Doch beim aktuellen Blick auf die Rohstoffe insgesamt spricht nichts, aber auch gar nichts für Inflation. Denn seit Juli 2014 fallen die Rohstoffpreise im Vorjahresvergleich jeden Monat. Heutzutage mag die Bindung von Rohstoffpreisen und der Inflation zwar nicht mehr so innig sein wie bei einer Liebesbeziehung, doch eine Vernunftehe ist es immer noch: Der Einfluss von Rohstoffen auf die Inflationserwartungen sowohl in den USA als auch in Europa ist erkennbar und zurzeit negativ.

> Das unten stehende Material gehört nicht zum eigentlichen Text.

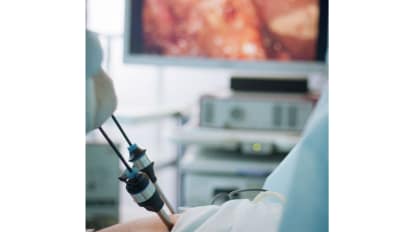 Minimally Invasive Surgery Options for Gynecologic Surgeries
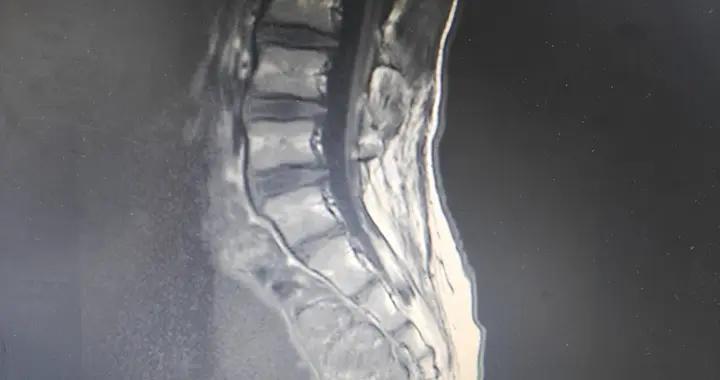 脊柱裂專欄-第38期（ 椎管內脂肪堆積再發）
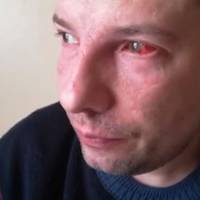 “Знищене здоров’я”: у Тернополі пара потерпає через постійні напади та погрози (ВІДЕО, 18+)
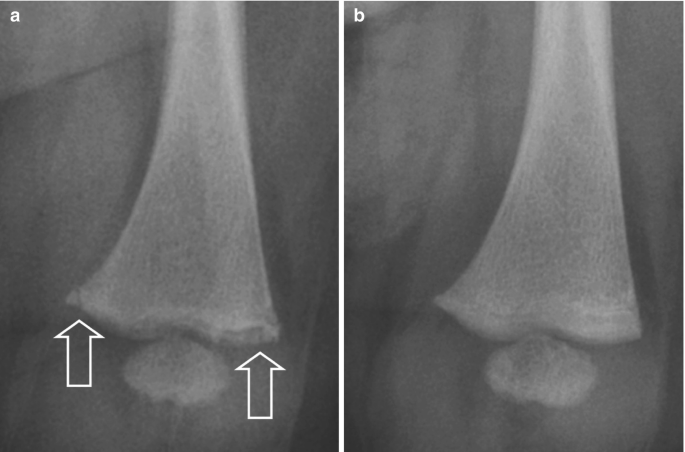 Two x-rays of the leg. a. Two arrows indicate the fracture at the distal femur metaphysics. b There is no fracture in the femur.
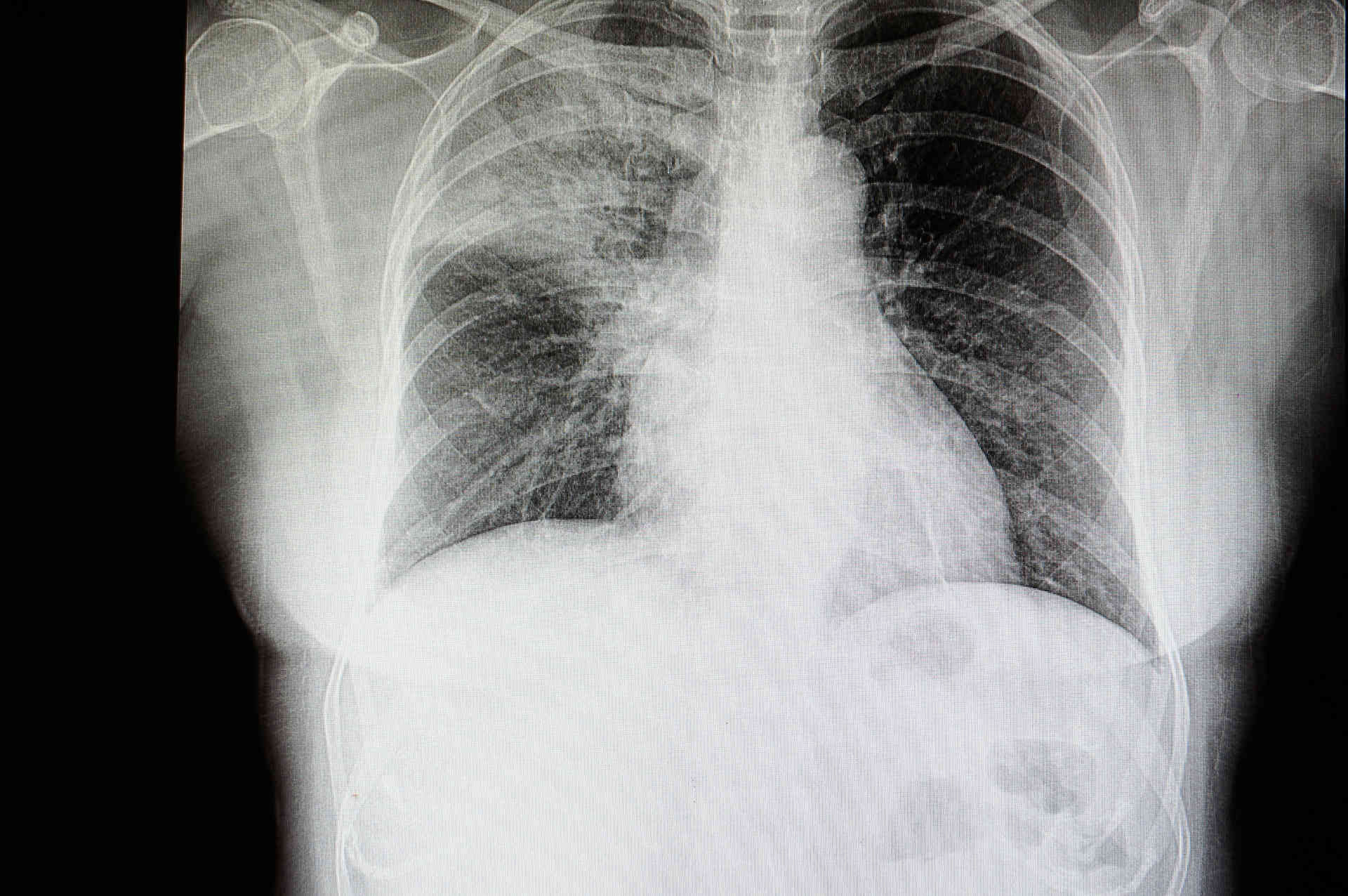Right upper lobe pneumonia on a frontal chest radiograph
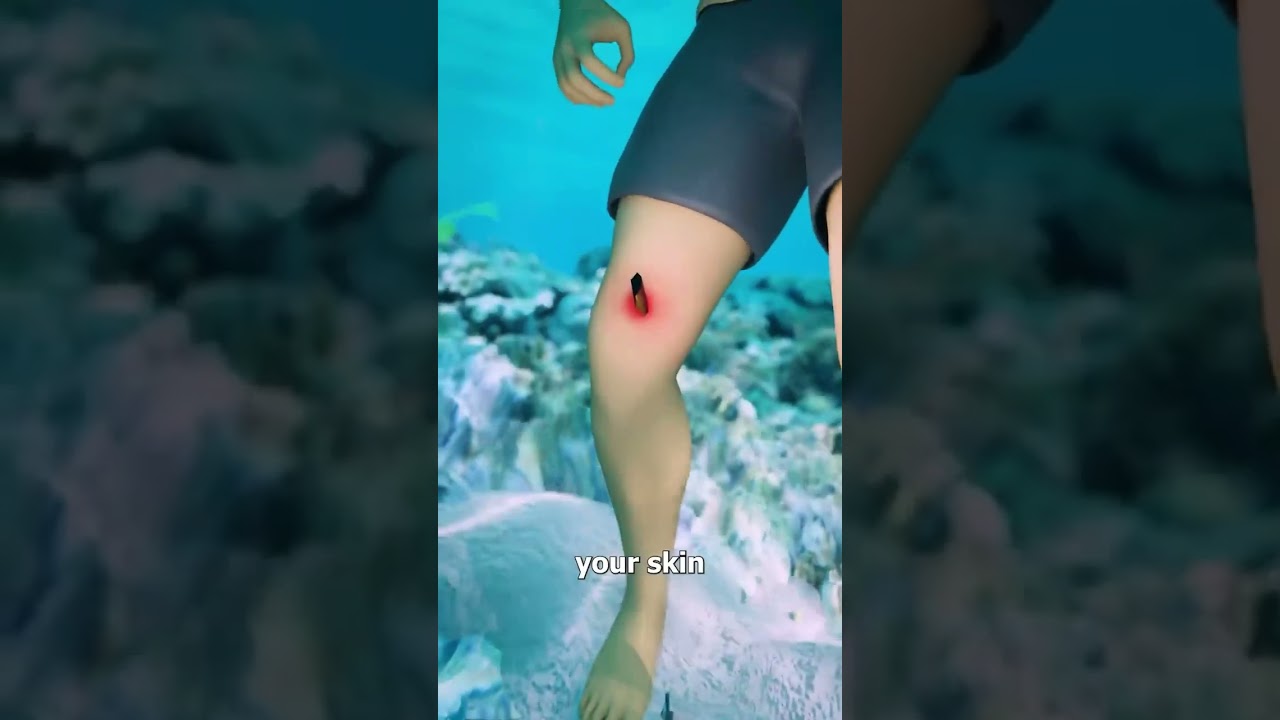 How Stingrays Actually Sting You 😳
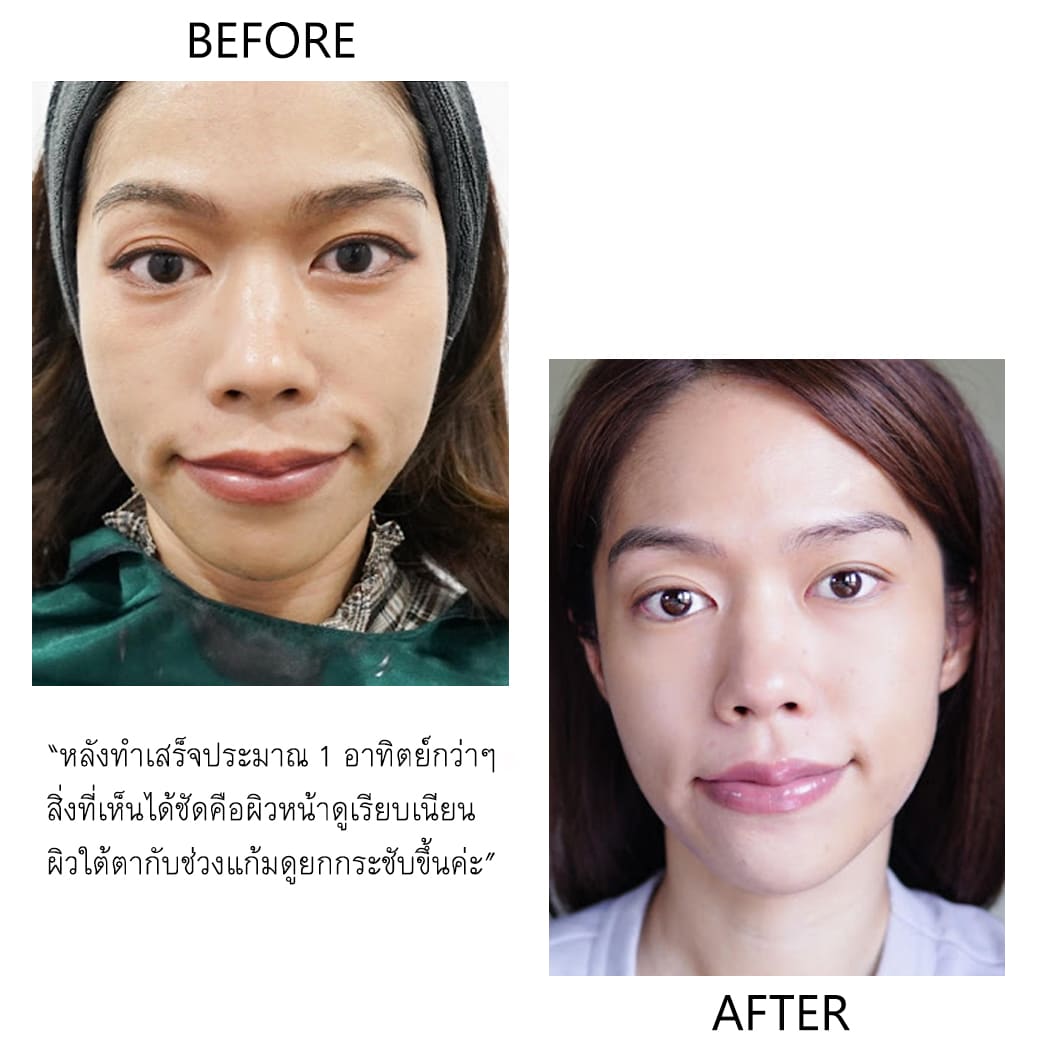 ulthera ยกกระชับ ปรับรูปหน้า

Es gibt keine Ölkrisen mehr

Beim Tanken merkt es jeder. Beim Öl machen sich ein politischer und ein technischer Strukturbruch in einem anhaltenden Preisdruck bemerkbar. Zunächst wird der Iran nach Auslauf der Sanktionen mit seinen weltweit viertgrößten Öl- und zweitgrößten Gasreserven an den Energiemärkten allmählich wieder mitspielen. Der gewaltigste Preisdruck kommt aber aus Saudi-Arabien. Denn damit das Land seine Marktanteile in Europa und Asien gegenüber dem Iran halten kann, werfen die Saudis so viel Öl auf den Markt wie die Modeindustrie Klamotten zum Sommerschlussverkauf. Dass die Weltwirtschaft derzeit geradezu in Öl baden kann, macht sich bereits in einer Sommerdepression an den Terminmärkten bemerkbar. Ohnehin gibt es da noch einen großen Öl-Put, sozusagen eine Versicherung gegen steigende Ölpreise: Bei spätestens 70 US-Dollar wird die Förderung von Fracking-Öl attraktiv. Von einer dramatischen Ölpreiswende nach oben oder gar - nach 1973 und 1979 - einer dritten Ölkrise sind wir so weit entfernt wie Pluto von der Erde.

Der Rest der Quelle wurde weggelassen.